Caption-style text data:
________

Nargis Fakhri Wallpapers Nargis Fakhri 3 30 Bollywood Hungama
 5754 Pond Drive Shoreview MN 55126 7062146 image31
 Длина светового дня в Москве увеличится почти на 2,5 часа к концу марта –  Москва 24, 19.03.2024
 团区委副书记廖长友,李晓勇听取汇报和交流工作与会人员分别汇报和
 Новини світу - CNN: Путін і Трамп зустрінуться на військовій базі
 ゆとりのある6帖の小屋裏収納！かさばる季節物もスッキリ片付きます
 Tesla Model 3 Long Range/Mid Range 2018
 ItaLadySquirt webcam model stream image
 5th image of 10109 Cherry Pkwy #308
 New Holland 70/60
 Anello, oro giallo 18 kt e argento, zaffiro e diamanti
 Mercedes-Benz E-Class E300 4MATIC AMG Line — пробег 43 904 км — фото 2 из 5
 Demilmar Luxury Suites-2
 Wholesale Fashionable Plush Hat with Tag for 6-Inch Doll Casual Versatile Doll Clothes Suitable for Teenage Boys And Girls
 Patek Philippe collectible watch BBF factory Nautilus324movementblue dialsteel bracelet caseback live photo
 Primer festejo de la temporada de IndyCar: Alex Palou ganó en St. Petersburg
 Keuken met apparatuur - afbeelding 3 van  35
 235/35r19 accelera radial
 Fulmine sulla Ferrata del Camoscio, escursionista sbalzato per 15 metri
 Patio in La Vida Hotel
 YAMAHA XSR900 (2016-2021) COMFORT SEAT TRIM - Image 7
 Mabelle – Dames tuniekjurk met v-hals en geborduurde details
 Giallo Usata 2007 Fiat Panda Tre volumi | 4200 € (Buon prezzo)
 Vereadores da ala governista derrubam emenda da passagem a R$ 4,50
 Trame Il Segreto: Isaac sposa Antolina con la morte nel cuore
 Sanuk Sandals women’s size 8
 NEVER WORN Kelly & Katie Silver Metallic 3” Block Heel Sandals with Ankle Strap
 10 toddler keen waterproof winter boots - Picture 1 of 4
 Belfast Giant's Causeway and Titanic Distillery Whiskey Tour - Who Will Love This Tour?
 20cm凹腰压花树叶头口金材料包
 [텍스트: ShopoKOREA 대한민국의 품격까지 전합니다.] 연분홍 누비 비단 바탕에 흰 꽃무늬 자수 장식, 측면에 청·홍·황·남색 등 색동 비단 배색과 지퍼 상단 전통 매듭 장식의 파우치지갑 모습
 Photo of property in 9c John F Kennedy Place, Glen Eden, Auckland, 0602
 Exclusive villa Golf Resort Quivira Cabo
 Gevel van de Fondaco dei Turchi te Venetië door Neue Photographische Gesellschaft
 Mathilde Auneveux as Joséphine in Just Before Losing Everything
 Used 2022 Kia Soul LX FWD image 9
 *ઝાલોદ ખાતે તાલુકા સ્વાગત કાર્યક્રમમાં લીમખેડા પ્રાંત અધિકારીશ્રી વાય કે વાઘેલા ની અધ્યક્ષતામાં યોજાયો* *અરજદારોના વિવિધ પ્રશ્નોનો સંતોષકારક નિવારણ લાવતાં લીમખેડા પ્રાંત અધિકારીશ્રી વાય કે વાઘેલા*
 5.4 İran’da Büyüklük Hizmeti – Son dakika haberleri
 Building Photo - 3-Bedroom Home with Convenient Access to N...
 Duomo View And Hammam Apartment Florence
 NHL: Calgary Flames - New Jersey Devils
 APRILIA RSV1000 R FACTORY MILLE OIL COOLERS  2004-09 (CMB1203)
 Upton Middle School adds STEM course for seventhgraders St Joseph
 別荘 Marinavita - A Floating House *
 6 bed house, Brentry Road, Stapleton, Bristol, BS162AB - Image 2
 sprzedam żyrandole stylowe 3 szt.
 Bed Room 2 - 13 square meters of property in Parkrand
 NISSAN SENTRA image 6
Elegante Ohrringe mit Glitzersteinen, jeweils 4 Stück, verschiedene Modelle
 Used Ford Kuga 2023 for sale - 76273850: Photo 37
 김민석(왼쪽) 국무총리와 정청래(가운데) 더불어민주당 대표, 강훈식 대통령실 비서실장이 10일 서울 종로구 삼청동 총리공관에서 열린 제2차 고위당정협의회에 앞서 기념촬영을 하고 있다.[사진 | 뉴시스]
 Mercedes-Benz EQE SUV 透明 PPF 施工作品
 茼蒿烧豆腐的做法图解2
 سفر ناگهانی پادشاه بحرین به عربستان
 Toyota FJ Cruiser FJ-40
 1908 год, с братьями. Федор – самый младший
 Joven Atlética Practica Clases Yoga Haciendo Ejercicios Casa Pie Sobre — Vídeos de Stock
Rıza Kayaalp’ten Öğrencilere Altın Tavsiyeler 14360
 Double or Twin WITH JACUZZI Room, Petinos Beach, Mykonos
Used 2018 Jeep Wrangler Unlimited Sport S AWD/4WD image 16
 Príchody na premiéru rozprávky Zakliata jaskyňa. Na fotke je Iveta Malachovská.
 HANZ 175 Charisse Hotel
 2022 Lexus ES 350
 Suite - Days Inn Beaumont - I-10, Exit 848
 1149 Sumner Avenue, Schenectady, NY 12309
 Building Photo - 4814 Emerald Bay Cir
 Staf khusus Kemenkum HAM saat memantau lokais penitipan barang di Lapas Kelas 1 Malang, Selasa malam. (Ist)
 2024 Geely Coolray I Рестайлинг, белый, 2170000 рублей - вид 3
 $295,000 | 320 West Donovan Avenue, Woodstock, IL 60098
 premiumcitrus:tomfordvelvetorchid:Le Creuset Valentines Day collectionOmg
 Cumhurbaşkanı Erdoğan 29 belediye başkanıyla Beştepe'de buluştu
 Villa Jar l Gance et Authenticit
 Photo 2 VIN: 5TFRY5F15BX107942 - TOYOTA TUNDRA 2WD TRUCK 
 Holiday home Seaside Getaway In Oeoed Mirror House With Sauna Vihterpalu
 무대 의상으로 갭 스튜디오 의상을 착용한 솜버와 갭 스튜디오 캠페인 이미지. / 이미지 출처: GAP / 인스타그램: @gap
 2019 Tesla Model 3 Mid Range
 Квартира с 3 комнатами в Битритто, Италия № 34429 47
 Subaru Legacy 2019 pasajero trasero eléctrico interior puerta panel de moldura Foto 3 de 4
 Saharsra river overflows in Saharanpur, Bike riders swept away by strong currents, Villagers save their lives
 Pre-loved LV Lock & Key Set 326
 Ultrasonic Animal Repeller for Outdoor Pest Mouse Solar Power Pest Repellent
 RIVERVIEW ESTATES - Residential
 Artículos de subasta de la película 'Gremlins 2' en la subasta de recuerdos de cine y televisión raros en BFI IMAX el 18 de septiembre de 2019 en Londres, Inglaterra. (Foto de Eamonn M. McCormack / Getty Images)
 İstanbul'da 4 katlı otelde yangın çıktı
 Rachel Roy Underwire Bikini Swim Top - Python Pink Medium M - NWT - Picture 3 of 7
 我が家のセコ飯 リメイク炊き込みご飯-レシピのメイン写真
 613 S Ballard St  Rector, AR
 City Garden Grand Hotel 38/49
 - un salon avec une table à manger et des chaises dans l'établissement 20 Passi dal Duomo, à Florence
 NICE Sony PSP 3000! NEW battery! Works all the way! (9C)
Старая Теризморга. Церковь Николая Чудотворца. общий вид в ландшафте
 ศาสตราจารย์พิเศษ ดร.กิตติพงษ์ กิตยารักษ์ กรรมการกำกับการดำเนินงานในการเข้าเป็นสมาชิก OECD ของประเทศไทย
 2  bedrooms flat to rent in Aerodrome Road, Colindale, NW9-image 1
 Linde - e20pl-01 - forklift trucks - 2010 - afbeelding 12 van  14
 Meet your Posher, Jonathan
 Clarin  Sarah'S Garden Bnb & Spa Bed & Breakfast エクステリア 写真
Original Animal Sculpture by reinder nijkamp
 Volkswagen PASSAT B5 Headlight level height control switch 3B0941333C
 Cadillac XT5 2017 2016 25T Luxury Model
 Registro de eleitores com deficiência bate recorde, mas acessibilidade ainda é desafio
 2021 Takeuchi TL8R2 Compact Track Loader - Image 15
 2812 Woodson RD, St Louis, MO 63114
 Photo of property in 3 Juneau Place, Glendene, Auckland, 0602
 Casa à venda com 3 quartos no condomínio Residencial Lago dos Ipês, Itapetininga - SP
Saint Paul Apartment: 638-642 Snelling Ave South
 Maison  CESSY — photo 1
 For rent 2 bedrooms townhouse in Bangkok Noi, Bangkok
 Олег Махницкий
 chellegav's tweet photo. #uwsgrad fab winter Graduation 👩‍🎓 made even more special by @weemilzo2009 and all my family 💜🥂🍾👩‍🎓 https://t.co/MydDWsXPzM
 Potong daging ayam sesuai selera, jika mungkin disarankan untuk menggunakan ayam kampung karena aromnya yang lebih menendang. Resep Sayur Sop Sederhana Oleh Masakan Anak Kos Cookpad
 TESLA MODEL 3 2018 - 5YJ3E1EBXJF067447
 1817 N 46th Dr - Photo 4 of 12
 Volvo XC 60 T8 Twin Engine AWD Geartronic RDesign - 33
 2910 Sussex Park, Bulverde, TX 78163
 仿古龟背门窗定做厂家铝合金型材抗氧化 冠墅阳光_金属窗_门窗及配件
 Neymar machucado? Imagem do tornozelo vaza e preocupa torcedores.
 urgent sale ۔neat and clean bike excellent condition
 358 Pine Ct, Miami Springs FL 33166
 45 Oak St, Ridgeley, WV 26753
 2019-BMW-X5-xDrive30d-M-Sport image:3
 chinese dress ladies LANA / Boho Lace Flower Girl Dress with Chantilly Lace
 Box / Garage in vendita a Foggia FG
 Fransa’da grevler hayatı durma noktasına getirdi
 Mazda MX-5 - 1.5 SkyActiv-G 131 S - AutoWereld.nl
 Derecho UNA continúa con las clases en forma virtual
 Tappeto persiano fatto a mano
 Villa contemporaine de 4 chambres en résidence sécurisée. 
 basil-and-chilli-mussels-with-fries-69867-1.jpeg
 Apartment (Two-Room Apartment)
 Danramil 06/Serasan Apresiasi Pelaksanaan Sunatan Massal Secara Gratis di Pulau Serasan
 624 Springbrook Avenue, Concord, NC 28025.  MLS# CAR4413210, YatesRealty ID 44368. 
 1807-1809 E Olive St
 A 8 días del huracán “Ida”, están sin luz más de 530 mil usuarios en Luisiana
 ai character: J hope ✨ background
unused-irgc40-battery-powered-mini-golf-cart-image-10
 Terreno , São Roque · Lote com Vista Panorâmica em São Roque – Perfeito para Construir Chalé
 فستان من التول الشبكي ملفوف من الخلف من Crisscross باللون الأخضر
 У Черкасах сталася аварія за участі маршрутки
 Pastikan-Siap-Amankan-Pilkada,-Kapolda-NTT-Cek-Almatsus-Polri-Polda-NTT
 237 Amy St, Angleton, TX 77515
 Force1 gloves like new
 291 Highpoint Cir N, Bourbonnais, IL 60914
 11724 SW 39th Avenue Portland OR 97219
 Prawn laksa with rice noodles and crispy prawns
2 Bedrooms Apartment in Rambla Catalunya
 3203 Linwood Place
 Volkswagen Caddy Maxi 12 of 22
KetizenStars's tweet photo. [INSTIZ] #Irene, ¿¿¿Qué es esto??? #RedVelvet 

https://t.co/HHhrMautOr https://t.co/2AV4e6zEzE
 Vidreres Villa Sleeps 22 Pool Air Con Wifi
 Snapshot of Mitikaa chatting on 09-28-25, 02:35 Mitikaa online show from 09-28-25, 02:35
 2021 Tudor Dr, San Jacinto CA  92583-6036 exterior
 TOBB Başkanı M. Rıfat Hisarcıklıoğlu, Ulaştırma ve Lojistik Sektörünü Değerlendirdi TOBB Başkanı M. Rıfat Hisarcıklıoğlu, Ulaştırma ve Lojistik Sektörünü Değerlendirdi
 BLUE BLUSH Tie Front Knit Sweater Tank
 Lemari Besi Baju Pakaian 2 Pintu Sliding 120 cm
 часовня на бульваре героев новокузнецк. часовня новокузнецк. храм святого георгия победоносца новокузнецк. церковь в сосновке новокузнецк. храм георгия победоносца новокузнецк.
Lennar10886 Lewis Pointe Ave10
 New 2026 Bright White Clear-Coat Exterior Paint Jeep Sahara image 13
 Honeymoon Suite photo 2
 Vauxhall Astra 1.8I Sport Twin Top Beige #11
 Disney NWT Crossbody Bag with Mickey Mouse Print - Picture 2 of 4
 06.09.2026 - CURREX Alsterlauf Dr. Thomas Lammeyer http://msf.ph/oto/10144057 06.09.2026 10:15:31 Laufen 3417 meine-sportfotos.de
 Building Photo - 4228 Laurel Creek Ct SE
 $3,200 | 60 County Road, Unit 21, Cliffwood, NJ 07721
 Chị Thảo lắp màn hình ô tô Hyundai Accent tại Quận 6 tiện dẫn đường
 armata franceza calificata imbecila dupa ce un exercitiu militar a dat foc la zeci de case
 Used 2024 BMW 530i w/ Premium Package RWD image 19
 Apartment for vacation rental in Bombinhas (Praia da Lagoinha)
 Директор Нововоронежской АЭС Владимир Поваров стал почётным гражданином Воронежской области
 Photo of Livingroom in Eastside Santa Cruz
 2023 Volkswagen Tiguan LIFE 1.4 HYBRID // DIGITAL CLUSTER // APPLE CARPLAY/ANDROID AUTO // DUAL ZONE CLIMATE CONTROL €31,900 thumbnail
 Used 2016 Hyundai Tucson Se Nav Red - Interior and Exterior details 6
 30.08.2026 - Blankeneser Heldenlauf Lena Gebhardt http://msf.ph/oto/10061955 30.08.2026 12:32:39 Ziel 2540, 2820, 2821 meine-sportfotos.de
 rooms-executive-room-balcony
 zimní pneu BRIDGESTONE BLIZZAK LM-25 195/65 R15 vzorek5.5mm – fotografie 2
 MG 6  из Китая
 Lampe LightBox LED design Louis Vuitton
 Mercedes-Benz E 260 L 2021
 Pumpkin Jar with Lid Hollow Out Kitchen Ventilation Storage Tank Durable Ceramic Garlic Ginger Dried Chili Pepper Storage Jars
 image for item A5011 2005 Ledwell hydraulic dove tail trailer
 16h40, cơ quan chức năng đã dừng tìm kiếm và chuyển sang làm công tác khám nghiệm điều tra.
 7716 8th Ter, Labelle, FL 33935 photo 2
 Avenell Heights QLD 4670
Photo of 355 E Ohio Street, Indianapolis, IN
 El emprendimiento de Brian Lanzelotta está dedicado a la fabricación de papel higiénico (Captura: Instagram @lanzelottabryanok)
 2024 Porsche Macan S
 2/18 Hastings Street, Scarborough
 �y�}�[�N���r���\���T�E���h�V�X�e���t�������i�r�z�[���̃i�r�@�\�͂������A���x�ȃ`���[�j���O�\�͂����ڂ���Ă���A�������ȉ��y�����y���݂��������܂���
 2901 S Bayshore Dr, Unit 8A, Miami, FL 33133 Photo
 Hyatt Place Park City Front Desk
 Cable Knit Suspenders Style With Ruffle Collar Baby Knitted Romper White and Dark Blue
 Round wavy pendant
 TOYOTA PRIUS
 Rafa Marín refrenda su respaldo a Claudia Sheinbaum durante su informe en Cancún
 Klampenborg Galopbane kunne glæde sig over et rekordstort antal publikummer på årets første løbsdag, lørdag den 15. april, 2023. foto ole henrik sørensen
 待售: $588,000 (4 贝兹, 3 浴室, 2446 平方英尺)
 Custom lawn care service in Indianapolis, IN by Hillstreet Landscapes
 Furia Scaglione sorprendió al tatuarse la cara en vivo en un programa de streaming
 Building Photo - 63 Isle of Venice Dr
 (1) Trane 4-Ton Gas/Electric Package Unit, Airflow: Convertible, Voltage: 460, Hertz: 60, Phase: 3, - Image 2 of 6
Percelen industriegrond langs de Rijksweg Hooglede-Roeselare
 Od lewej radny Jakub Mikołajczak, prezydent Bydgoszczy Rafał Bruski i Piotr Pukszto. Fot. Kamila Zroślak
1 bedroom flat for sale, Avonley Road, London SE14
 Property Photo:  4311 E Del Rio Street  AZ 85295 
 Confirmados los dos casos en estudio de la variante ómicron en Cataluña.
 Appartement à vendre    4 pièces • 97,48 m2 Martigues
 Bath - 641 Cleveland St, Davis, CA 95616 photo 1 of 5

________

## Work item
Look above for the line with "Original Animal Sculpture by reinder nijkamp" and the line with "chellegav's tweet photo.". Write out those two lines and all the lines between them, exactly, and no others.

## Exercise output
Original Animal Sculpture by reinder nijkamp
 Volkswagen PASSAT B5 Headlight level height control switch 3B0941333C
 Cadillac XT5 2017 2016 25T Luxury Model
 Registro de eleitores com deficiência bate recorde, mas acessibilidade ainda é desafio
 2021 Takeuchi TL8R2 Compact Track Loader - Image 15
 2812 Woodson RD, St Louis, MO 63114
 Photo of property in 3 Juneau Place, Glendene, Auckland, 0602
 Casa à venda com 3 quartos no condomínio Residencial Lago dos Ipês, Itapetininga - SP
Saint Paul Apartment: 638-642 Snelling Ave South
 Maison  CESSY — photo 1
 For rent 2 bedrooms townhouse in Bangkok Noi, Bangkok
 Олег Махницкий
 chellegav's tweet photo. #uwsgrad fab winter Graduation 👩‍🎓 made even more special by @weemilzo2009 and all my family 💜🥂🍾👩‍🎓 https://t.co/MydDWsXPzM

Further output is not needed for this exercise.